TEMPO.CO, Jakarta - Mahkamah Konstitusi menolak gugatan terhadap Undang-Undang Nomor 13 Tahun 2012 tentang Keistimewaan Daerah Yogyakarta. Salah satu isi gugatan meminta calon Gubernur-Wakil Gubernur Daerah Istimewa Yogyakarta dapat berasal dari berbagai kalangan di masyarakat.
"Majelis hakim yang dipimpin Ketua MK Arief Hidayat, didampingi hakim konstitusi Manahan Sitompul dan Suhartoyo, memberi saran perbaikan kepada pemohon," begitu bunyi rilis Mahkamah Konstitusi, Kamis, 28 Juli 2016.
UUK DIY mensyaratkan jabatan gubernur-wakil gubernur diisi tokoh yang menempati posisi Sultan Hamengku Buwono dan Adipati Paku Alam.
Pasal-pasal yang digugat di antaranya Pasal 18 ayat 1-c dan ayat 2-b; Pasal 19-26; serta Pasal 28 ayat 5-a hingga 5-k.
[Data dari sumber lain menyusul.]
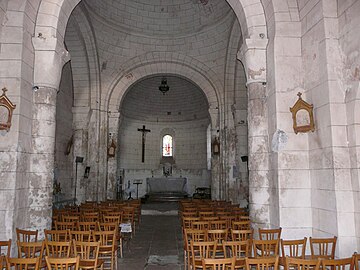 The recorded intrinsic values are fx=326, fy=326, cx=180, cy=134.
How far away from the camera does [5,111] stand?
6.30m

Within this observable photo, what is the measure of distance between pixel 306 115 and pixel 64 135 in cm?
1079

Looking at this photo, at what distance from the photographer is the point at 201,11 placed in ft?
49.9

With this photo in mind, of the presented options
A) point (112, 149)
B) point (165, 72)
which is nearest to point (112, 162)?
point (112, 149)

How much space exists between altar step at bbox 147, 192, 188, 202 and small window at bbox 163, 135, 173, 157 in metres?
4.39

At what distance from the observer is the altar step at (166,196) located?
1825 cm

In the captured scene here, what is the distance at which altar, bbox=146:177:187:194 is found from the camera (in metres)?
19.4

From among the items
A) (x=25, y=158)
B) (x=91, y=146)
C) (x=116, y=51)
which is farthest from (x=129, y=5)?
(x=25, y=158)

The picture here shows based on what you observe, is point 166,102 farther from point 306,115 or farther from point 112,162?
point 306,115

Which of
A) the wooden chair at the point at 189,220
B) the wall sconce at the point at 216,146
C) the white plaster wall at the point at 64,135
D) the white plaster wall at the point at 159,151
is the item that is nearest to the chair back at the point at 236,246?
the wooden chair at the point at 189,220

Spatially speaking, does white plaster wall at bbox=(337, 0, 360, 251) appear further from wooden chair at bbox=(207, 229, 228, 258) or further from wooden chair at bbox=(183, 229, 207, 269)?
wooden chair at bbox=(183, 229, 207, 269)

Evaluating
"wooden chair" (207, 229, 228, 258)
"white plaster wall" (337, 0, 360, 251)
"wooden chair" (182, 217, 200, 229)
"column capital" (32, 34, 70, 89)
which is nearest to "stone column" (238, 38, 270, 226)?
"wooden chair" (207, 229, 228, 258)

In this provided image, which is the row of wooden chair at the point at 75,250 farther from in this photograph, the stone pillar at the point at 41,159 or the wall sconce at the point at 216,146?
the wall sconce at the point at 216,146

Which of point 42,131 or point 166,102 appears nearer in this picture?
point 42,131

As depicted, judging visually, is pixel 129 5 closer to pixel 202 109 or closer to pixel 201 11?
pixel 201 11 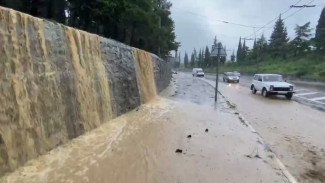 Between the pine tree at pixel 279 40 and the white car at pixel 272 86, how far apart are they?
164 feet

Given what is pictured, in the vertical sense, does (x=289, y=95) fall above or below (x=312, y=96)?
above

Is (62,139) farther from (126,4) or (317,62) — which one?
(317,62)

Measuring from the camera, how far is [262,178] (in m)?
6.60

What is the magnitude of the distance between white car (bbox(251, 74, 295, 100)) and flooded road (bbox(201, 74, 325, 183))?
635cm

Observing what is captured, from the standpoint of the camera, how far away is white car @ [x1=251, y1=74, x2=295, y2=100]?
80.7 feet

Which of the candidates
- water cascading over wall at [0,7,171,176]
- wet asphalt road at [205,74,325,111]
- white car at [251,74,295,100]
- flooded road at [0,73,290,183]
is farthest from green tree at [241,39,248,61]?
water cascading over wall at [0,7,171,176]

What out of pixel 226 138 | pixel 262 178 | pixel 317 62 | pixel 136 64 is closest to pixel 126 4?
pixel 136 64

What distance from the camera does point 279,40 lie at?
259 feet

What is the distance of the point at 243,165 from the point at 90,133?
3907 millimetres

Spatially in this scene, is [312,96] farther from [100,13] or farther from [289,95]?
[100,13]

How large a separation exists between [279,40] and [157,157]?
77.1 m

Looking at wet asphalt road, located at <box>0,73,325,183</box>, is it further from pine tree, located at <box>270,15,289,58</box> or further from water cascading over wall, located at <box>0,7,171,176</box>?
pine tree, located at <box>270,15,289,58</box>

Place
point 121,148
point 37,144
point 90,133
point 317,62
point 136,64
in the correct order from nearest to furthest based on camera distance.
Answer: point 37,144 < point 121,148 < point 90,133 < point 136,64 < point 317,62

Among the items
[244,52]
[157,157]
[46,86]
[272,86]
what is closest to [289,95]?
[272,86] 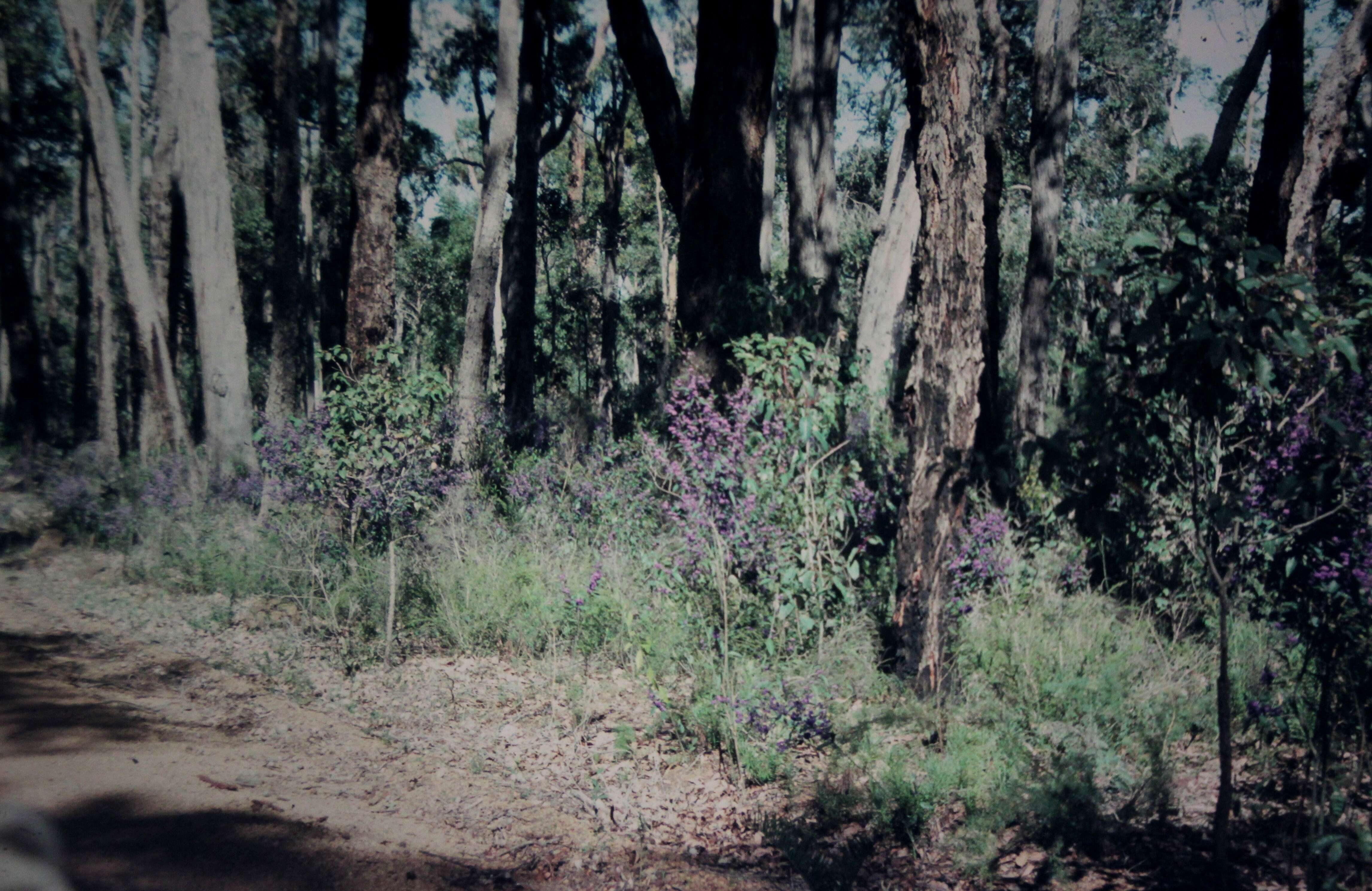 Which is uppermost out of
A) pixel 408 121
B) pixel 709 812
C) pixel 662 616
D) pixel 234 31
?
pixel 234 31

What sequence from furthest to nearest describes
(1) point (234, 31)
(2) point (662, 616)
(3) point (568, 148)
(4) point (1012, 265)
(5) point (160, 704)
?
(3) point (568, 148) < (4) point (1012, 265) < (1) point (234, 31) < (2) point (662, 616) < (5) point (160, 704)

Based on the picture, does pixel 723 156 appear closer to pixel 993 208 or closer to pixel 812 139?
pixel 993 208

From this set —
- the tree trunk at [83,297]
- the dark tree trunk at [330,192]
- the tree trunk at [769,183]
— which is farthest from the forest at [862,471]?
the tree trunk at [83,297]

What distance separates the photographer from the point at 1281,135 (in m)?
7.16

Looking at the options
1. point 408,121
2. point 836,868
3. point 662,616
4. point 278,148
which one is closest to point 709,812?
point 836,868

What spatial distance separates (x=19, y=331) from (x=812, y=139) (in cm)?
1402

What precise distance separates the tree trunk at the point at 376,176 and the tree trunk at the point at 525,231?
436 cm

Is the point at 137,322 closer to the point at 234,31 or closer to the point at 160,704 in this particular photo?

Pasal-pasal tersebut mengatur persyaratan calon gubernur-wakil gubernur, tata cara pengajuan calon, serta verifikasi dan penetapan gubernur-wakil gubernur.
Menanggapi gugatan itu, hakim Manahan meminta pemohon memiliki kedudukan hukum dan mengelaborasi permohonan karena pemohon adalah penduduk Jawa Timur.
Arief menjelaskan, Yogyakarta memiliki latar belakang sejarah yang kuat sehingga disematkan status “Daerah Istimewa”. Suatu daerah juga ditetapkan sebagai daerah khusus jika memiliki kekhususan kenyataan dan kebutuhan politik, yang tidak bisa disamakan dengan daerah lain.
"Pemohon tetap berpendapat dirinya memiliki kedudukan hukum karena memiliki hak konstitusional untuk dipilih," begitu bunyi rilis Mahkamah Konstitusi.
Gugatan diajukan Muhammad Sholeh, yang merasa dirugikan ketentuan yang ada pada UUK DIY. Ketentuan itu dinilai dapat menghalangi dia atau warga negara lain mencalonkan diri menjadi Gubernur DIY.